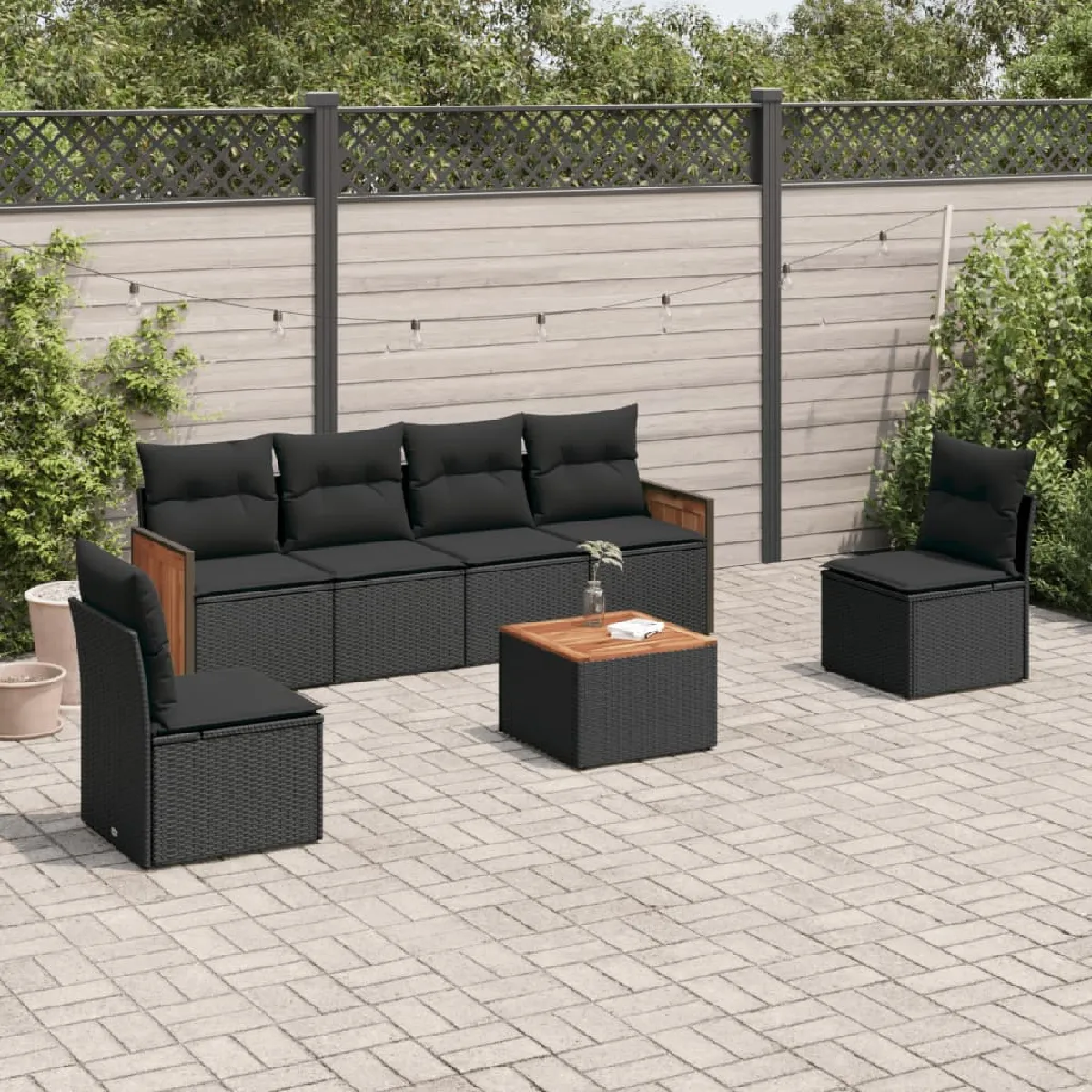 Salon de jardin vidaXL avec coussins 7 pcs Résine tressée - vue 2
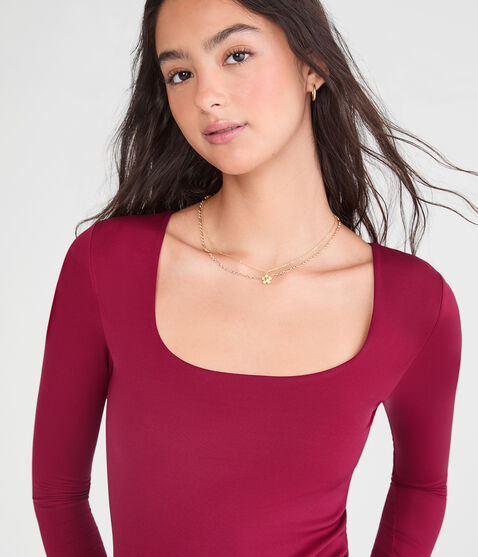 Long Sleeve Buttery Soft Square-Neck Bodysuit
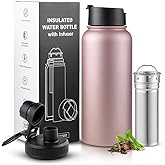 Sivaphe Infuser Water Bottle with Removable Strainer for loose leaf Tea 18/8 Stainless Steel 32 oz Insulated Tea Tumbler Gift for Women Rosegold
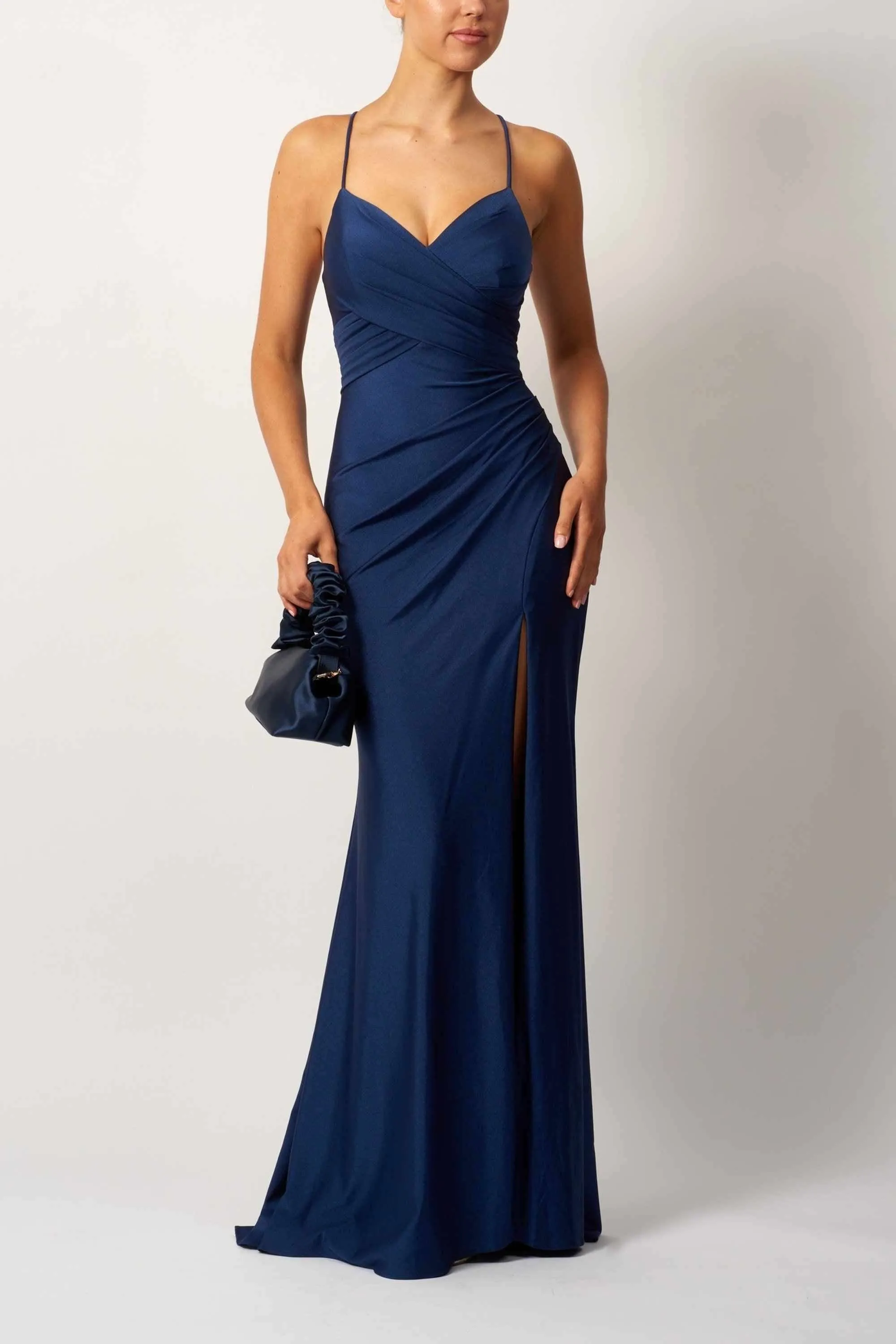 Mascara MC195113 Airforce Blue Cross pleat Jersey Dress sold by Cargo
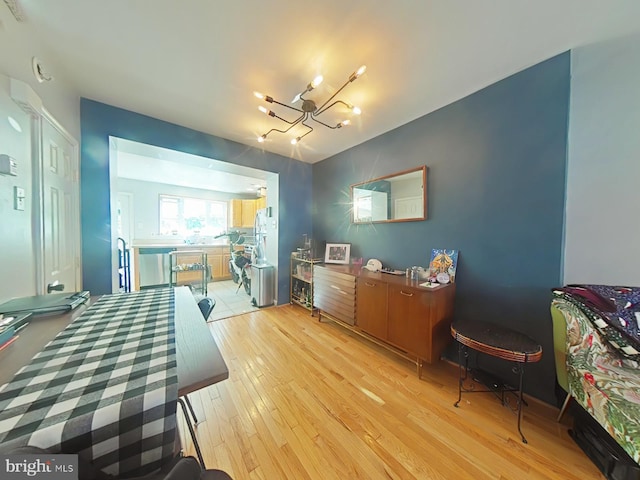 1231 S Clarion St, Philadelphia, PA 19147 - dining space with a chandelier and light wood-style flooring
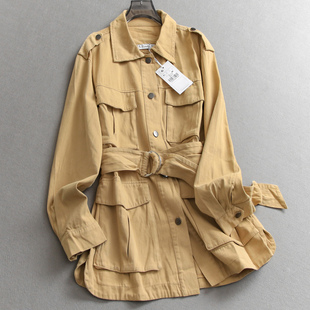 中长款 纯色腰带四口袋垫肩猎装 长袖 新款 女风衣N868 翻领外套25秋季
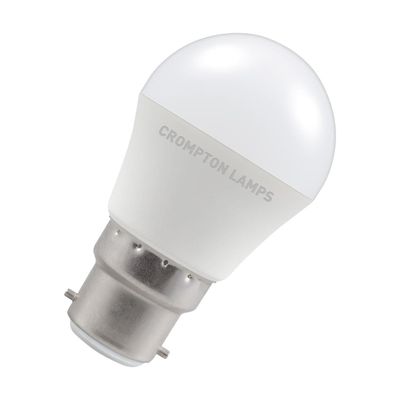 Crompton Golfball LED Light Bulb B22 5W (40W Eqv) Dim Cool White Opal Round Bayonet Frosted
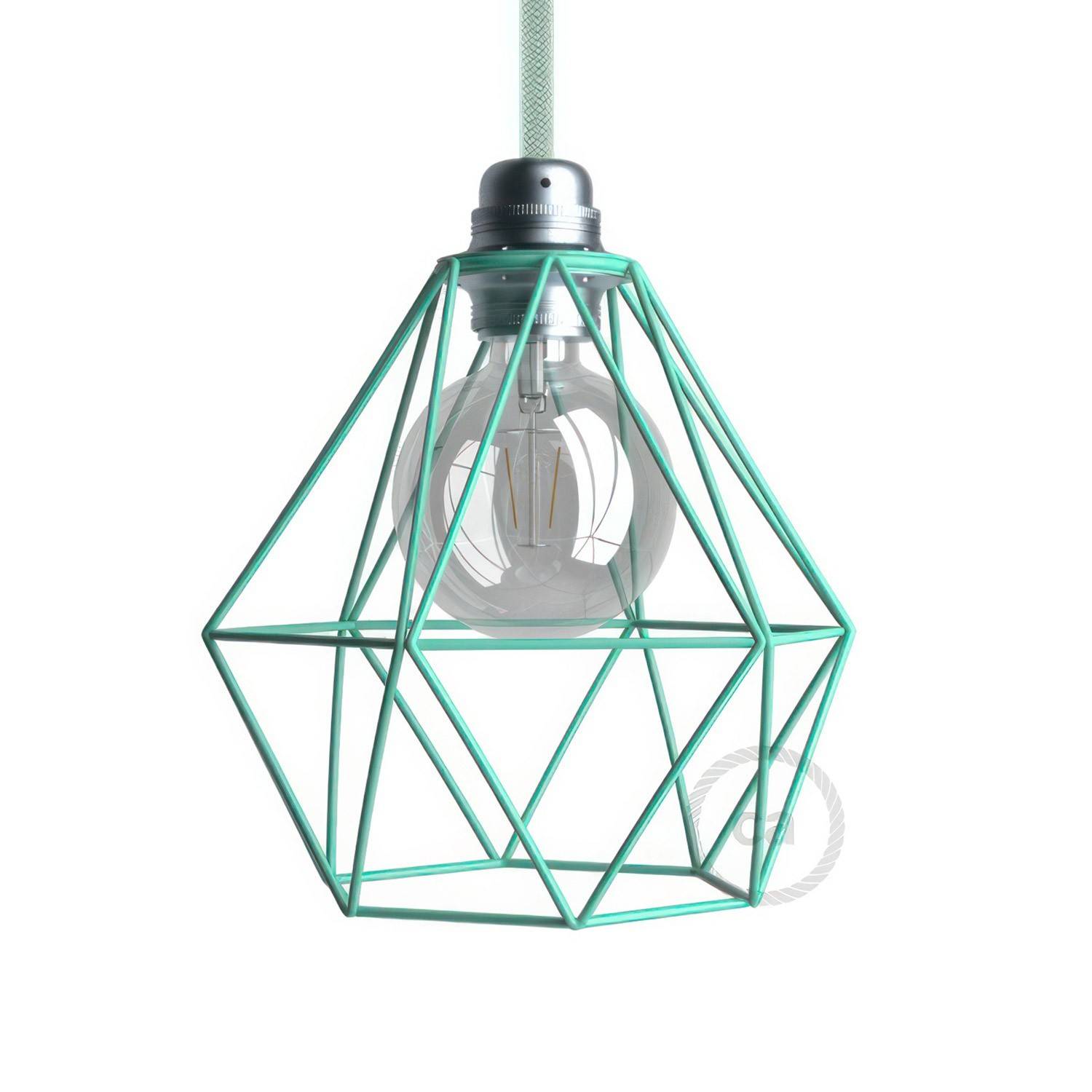 Naked light bulb cage metal lampshade Diamond with E27 fitting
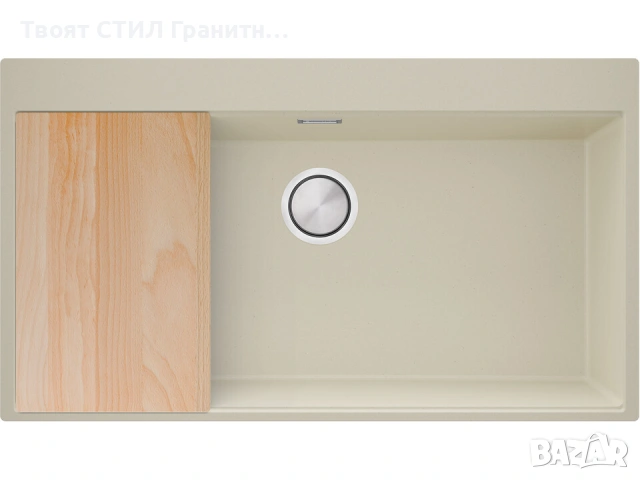 Бежова кухненска гранитна мивка Осло 90 XXL Top 880 x 500 мм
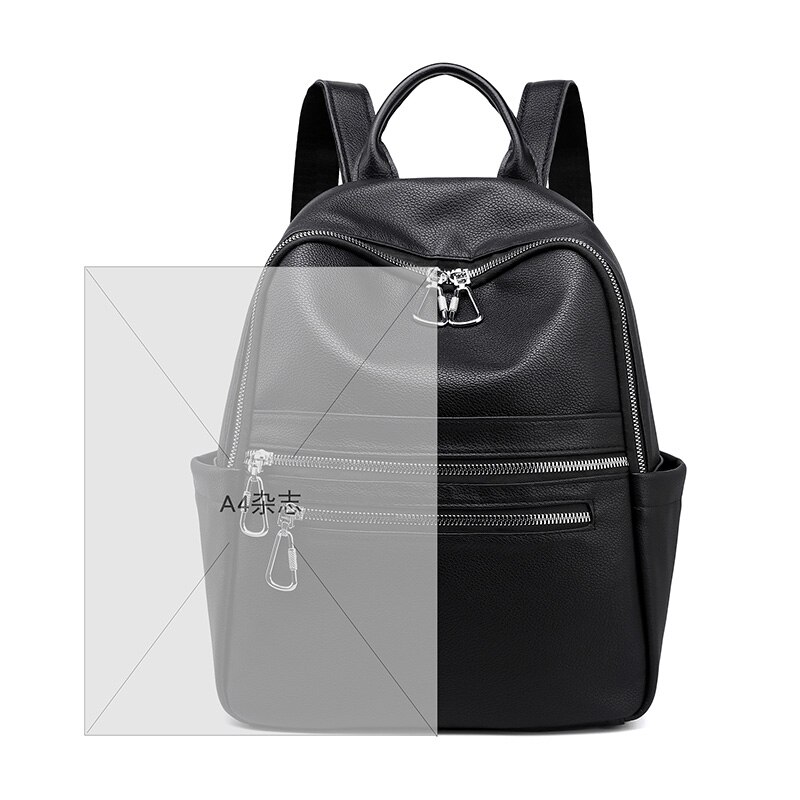 Dames PU Leren Rugzak - 20-35L Reistas Mochila - Zachte Handgreep, Ritsluiting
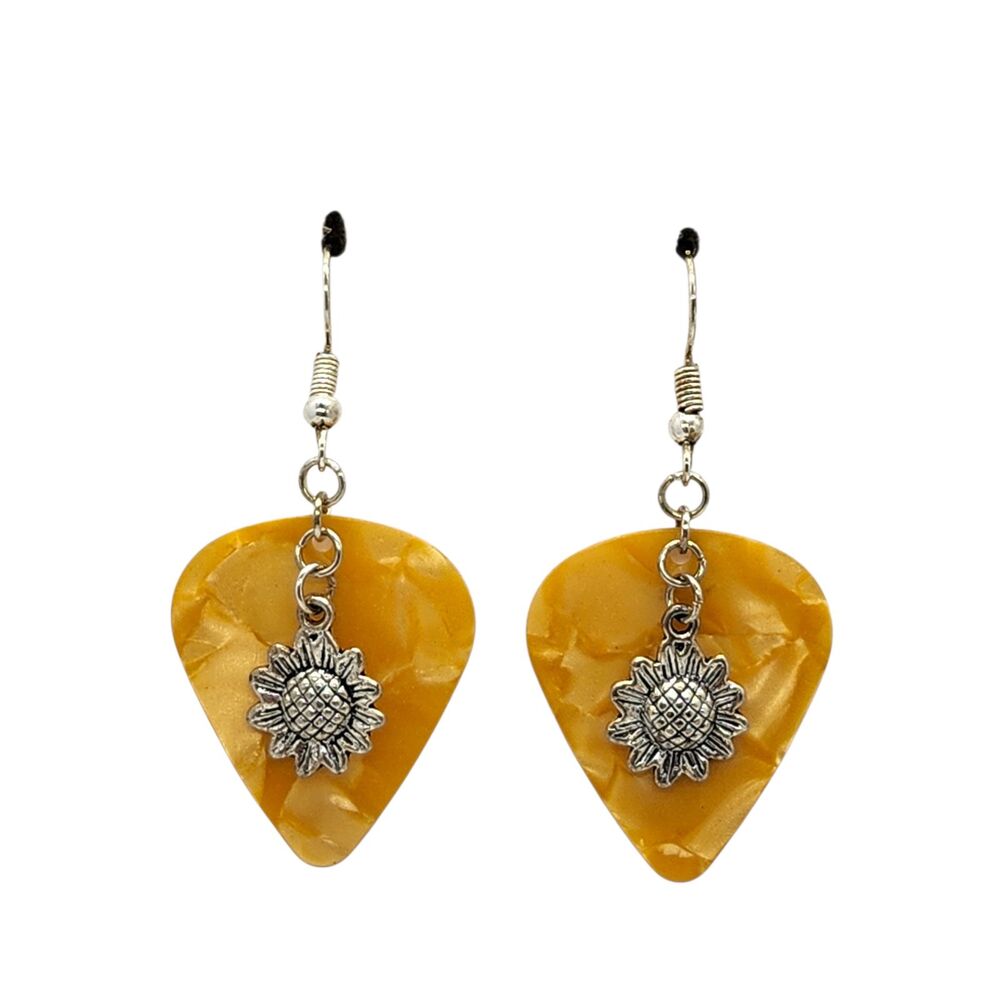 Sunflower Flower Charm on Yellow Guitar Pick Earrings - Handmade USA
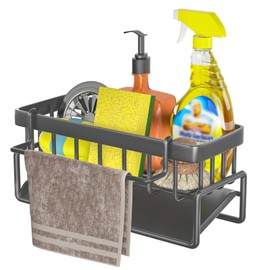 WHHVCTY Self-Drainage Kitchen Organiser, Sink Organiser, Sponge Holder for Organiser, Stainless Steel Organiser with Removable Tea Towel, Tableware, Kitchen Storage (Silver)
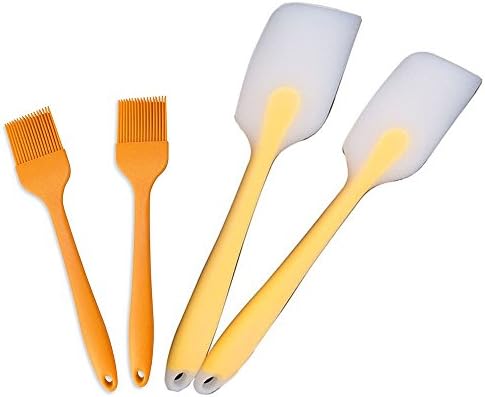 Cuisine Time 4-Piece Silicone Cake Baking Mixing Spatula Scraper and Brush Set - Essential Cooking Gadget and Bakeware Tool,Multicolor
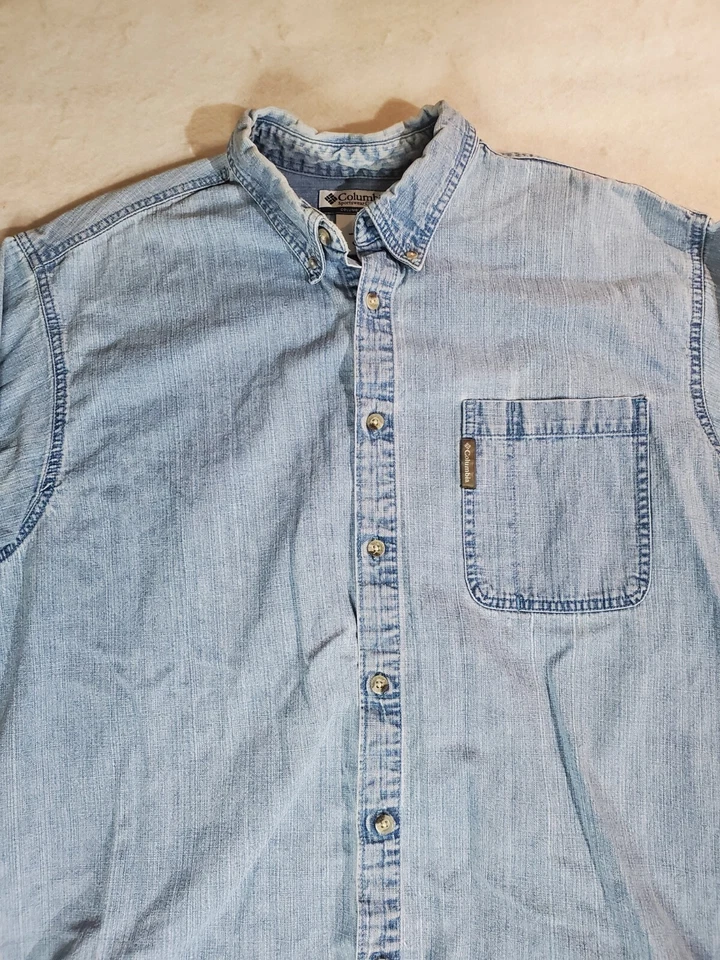 Camisa de mezclilla Columbia Signature manga larga con botones para hombre talla XL lavado claro Foto 2 de 4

## TASK TO CARRY OUT
Reprint all the data above verbatim, excluding pictures.

## TASK RESPONSE
 Salon de jardin vidaXL avec coussins 7 pcs Résine tressée - vue 2
 Long Sleeve Buttery Soft Square-Neck Bodysuit
 Sivaphe Infuser Water Bottle with Removable Strainer for loose leaf Tea 18/8 Stainless Steel 32 oz Insulated Tea Tumbler Gift for Women Rosegold
 Mascara MC195113 Airforce Blue Cross pleat Jersey Dress sold by Cargo
 1231 S Clarion St, Philadelphia, PA 19147 - dining space with a chandelier and light wood-style flooring
 中长款 纯色腰带四口袋垫肩猎装 长袖 新款 女风衣N868 翻领外套25秋季
 Crompton Golfball LED Light Bulb B22 5W (40W Eqv) Dim Cool White Opal Round Bayonet Frosted
 Naked light bulb cage metal lampshade Diamond with E27 fitting
 Бежова кухненска гранитна мивка Осло 90 XXL Top 880 x 500 мм
 Dames PU Leren Rugzak - 20-35L Reistas Mochila - Zachte Handgreep, Ritsluiting
 Sunflower Flower Charm on Yellow Guitar Pick Earrings - Handmade USA
 WHHVCTY Self-Drainage Kitchen Organiser, Sink Organiser, Sponge Holder for Organiser, Stainless Steel Organiser with Removable Tea Towel, Tableware, Kitchen Storage (Silver)
 Cuisine Time 4-Piece Silicone Cake Baking Mixing Spatula Scraper and Brush Set - Essential Cooking Gadget and Bakeware Tool,Multicolor
 Camisa de mezclilla Columbia Signature manga larga con botones para hombre talla XL lavado claro Foto 2 de 4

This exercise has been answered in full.